1. A typed schema, defined on the server. The server writes a schema in SDL (Schema Definition Language): the types, the fields on each type, and how they connect. Every query is validated against it before a single resolver runs, so a typo or a wrong type fails fast with a clear message rather than at the database.
2. One endpoint, one verb. Almost everything is a single POST /graphql. The operation travels in the request body. There is no URI to design, no per-resource status-code convention, and — importantly — no caching keyed on the URL, because every request shares the same URL.
3. Three operation types.

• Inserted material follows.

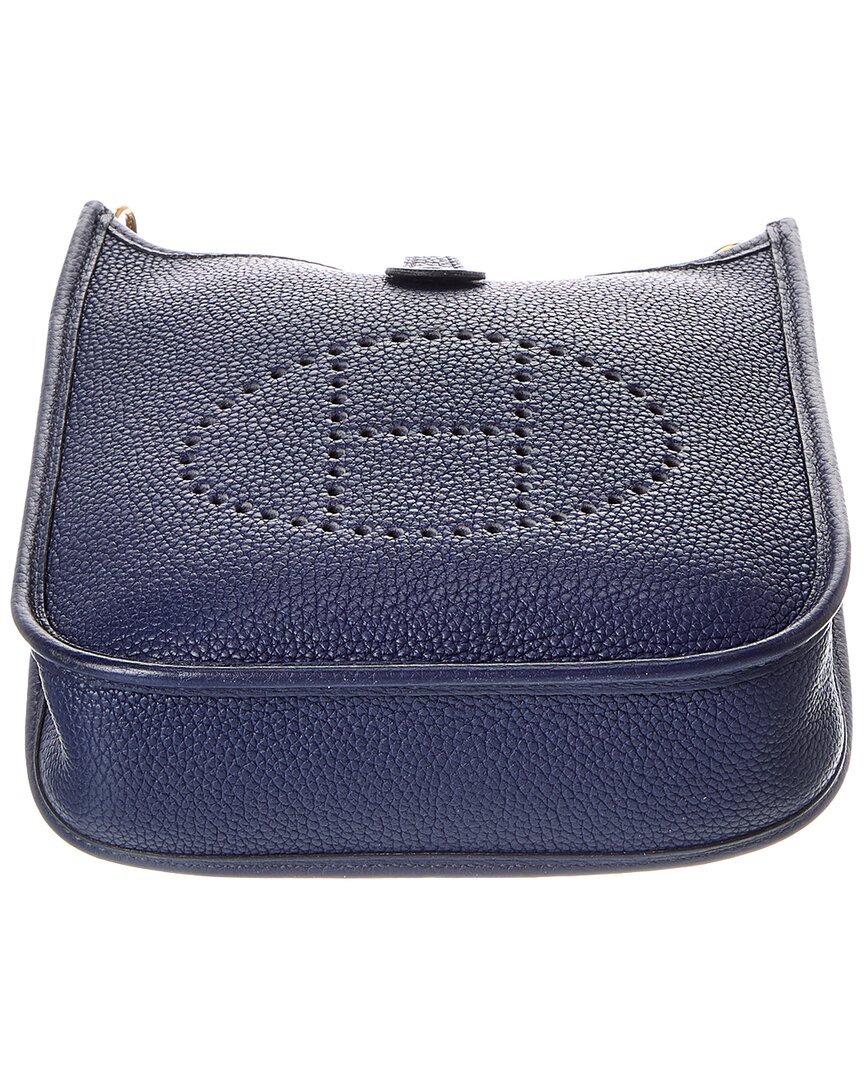 Hermès Hermès Blue Clemence Leather Evelyne Tpm Golden Shoulder Bag (Authentic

A query reads, a mutation writes, and a subscription streams updates over time, usually on a WebSocket or server-sent events.

# Schema (SDL) — the server's contract
type Query {
  user(id: ID!): User
}

type User {
  id: ID!
  name: String!
  posts(first: Int = 10): [Post!]!
}

type Post {
  id: ID!
  title: String!
  author: User!
}

# Query (the client authors this)
query {
  user(id: "42") {
    name
    posts(first: 5) {
      title
    }
  }
}

Read the SDL closely, because the type system carries more weight than it looks. The ! means non-null: name: String! promises the field is never null, and [Post!]! promises a non-null list of non-null posts. Fields can take arguments, like posts(first: Int = 10), with defaults. The schema is the single source of truth that both sides agree on, and tooling reads it to generate typed client SDKs, autocomplete queries in an editor, and validate every request. The schema is the API documentation, and it cannot drift from the implementation the way a hand-written REST spec can.

Queries, mutations, subscriptions

The three operation types map onto the three things an API does: read state, change state, and watch state change. They are deliberately separated, and the separation matters in practice rather than just on paper.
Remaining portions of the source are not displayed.